In her self-portraits of old age, Schjerfbeck’s expressionism found its full voice. More than the aged Pierre Bonnard, and more violently than Edvard Munch in the 1940s, she emphasized her deteriorating body by inflicting a deformation on her face, a destructive simplification which was abrasive, acid-like. She looks confused, lost and trumphant at once.
In 1944 she moved into the Saltsjöbaden spa hotel in Sweden and continued to paint actively right up until her death in January 1946.
Today, one of her scratchy, magical canvases will cost you the price of a house her works are prized by collectors and sell at auction for up to £500,000. Yet she’s only “famous in Finland”. However, the world is catching up with Helene Schjerfbeck. In 2003, the Finnish novelist and poet, Rakel Liehu wrote Helene, a biographical novel which has now been adapted into a feature film of the same name. Helene (2020) was directed by Antti Jokinen.

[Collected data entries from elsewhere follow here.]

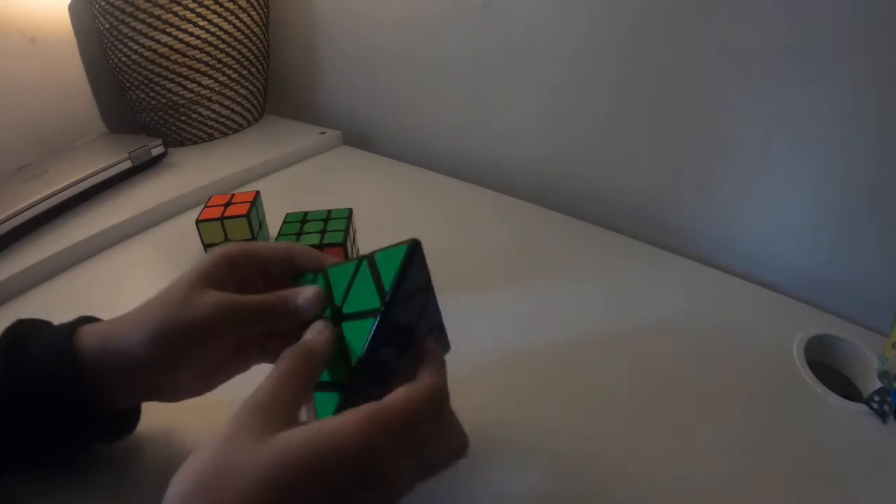This is where we might run into some problems, because if you look very closely on the bottom of the 2x2, you can see a little bit of green, so that's what I kind of want. If I go like this — if I put it in the grooves of the 3x3 — so it's like this. This is what I'm seeing so far.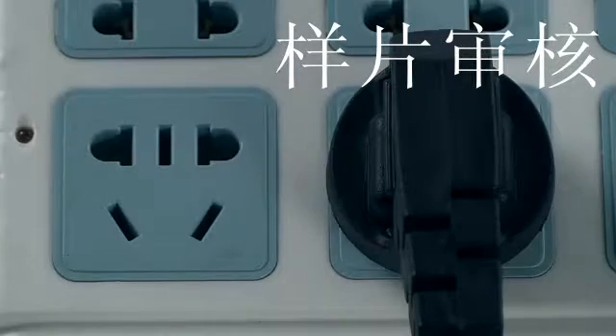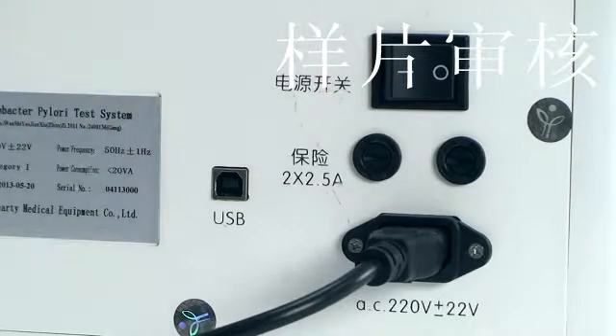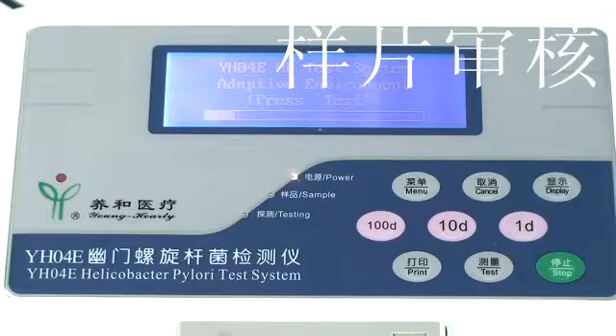This detector does not require manual calibration or debugging. The first time you use the detector, plug it in, turn the power switch on, and wait one hour before use.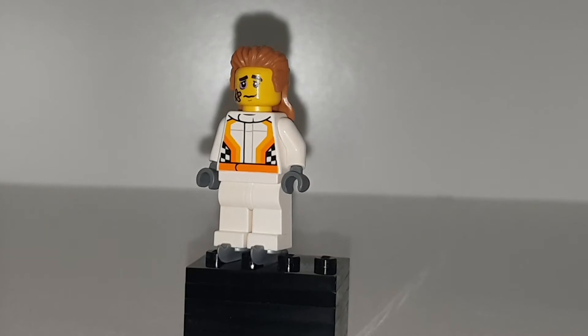Pretty much everywhere he walks he has a ring of ice around him, so he can obviously skate everywhere. The boots also mean he can shoot ice shards — if he skirts his feet on the ice, you know when you sort of turn and it brings up some of the ice, he can shoot ice shards doing that.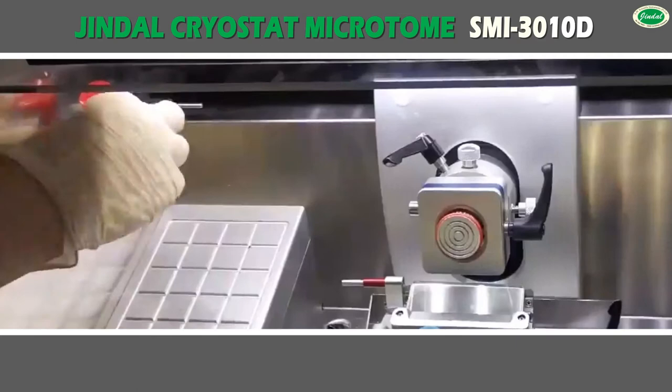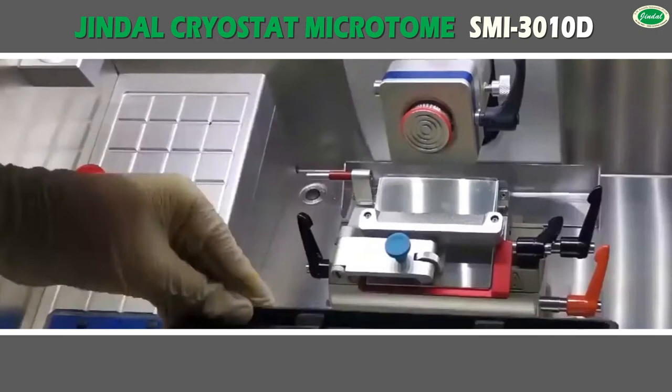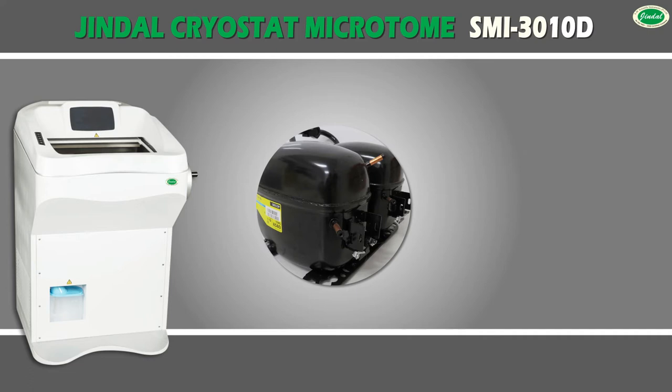The high-resolution sections meet the cytological detail requirements for pathological diagnosis, histochemistry, fluorescence, biochemistry, and microscopy. The technique is simple and easy to learn.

Perhaps the best tribute to the enduring power of Schjerfbeck (in Finland at least) comes from the most skilled and prolific forger in Finnish art history, Veli “Brother” Seppä, who said about forging her paintings, “”By encroaching on Schjerfbeck I felt like I had violated something sacred. It was if I had broken into a sacristy to steal the church silvers.”
Sources : “Helene Schjerfbeck and her models”, Lea Bergström, curator at Hyvinkää City Museum, The Guardian Art Review, Helene Schjerfbeck review – a strange and silent beauty by Laura Cumming, Sotherby’s Auction House, Helene Schjerfbeck, Finnish Artist by Clément Siberchicot for AWARE Archives of Women Artists Research and Exhibitions, Wikipedia, National Gallery of Finland.